There is also a DVD series, btw!
The author, Claire Pye, starts out with an introduction to plate tectonics, evolution, and the major habitats of today's world. This, unfortunately, is probably the only feasible part of the book.
The second section explores how the world might look in 5 million years. They imagine that the Polar Ice will advance again to cover about the same area that it did during the last Ice Age. This, of course, is unlikely to happen in a span of 5 million years, as it took about 40 million years for the last Ice age to reach that point. The Mediterranean Sea has turned into a vast salt flat, the middle of North America has become a desert, and the Amazon Rainforest has become hot, dry grassland.
The Fauna that they exhibit for this time period is not quite as unlikely as the rest of the book, but I have to take issue with one species: The 'Gannetwhale'.
Gannetwhales are large birds that have evolved to suit the place of the seals and sea lions. however, this is one of the many examples of creatures evolving too quickly.
If as their name suggests, they evolved from gannets, I doubt that the change from small, flying seabird to huge, ungainly gannetwhale could not happen in less than 10 million years.
The other creatures are mostly about as unlikely as the Gannetwhale. 100 million years from now, Mammals are almost completely extinct, and the major predators are wasps the size of seagulls which would obviously implode in our gravity.
200 million years in the future is, in my opinion the worst. All advanced species of vertebrate have died out. The major herbivores here are giant terrestrial Squid and hopping snails the size of rabbits, and the Birds have been replaced by 'Flish'.
A word about Flish.
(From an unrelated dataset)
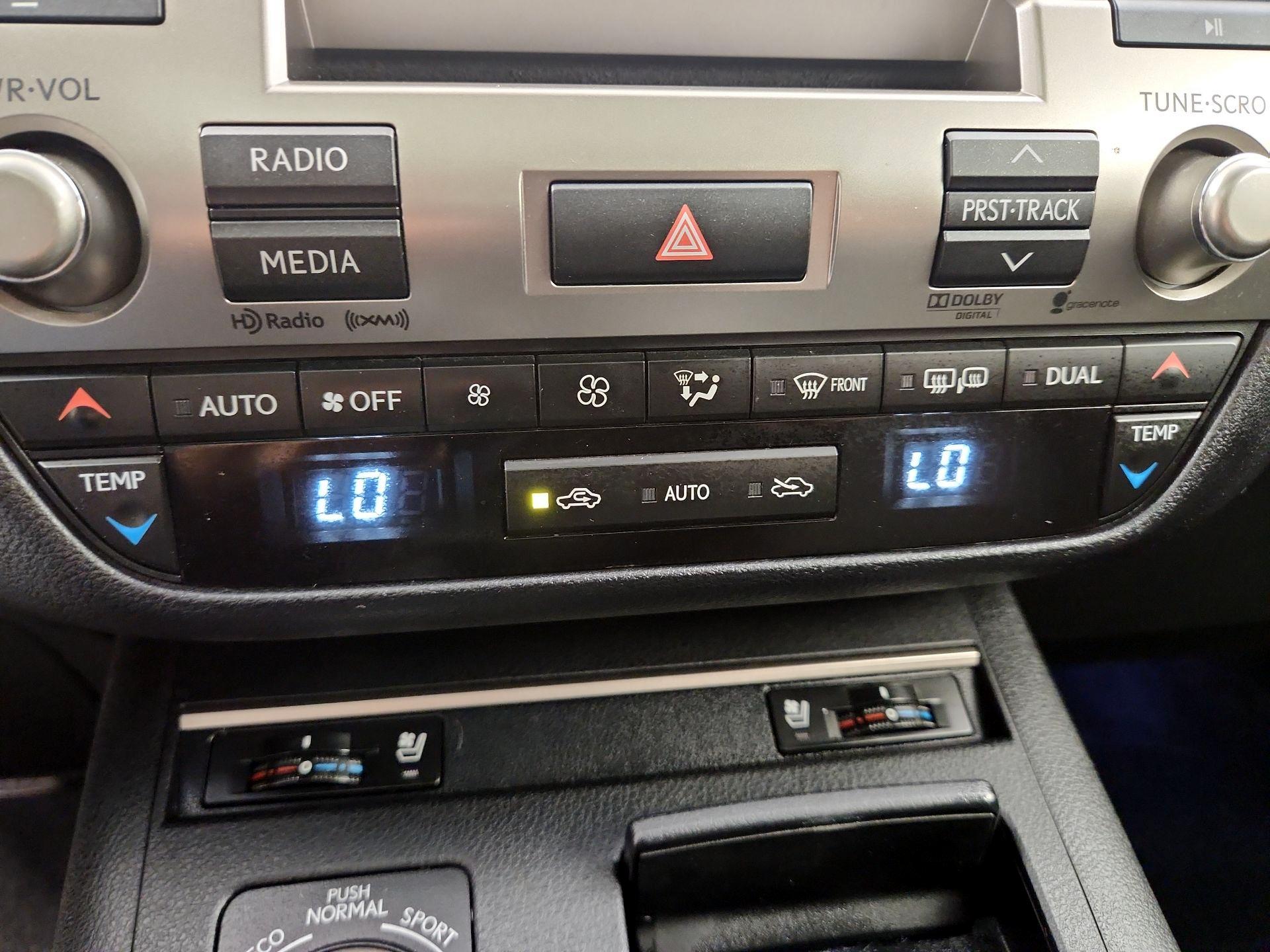 Thumbnail: 2014 Lexus ES - 17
According to Claire Pye, Fish have somehow managed to come out of the water (without reevolving legs), have evolved nostrils, and have been able to fly using overgrown fins, all in about 50 million years.
One species, the Ocean Flish, has a pair of jaws that shoot out of its "beak".
Needless to say, this book is only plausible to the young reader or the person with no understanding of evolution, natural selection, and survival of the fittest.
However, for what it's worth, the pictures are interesting.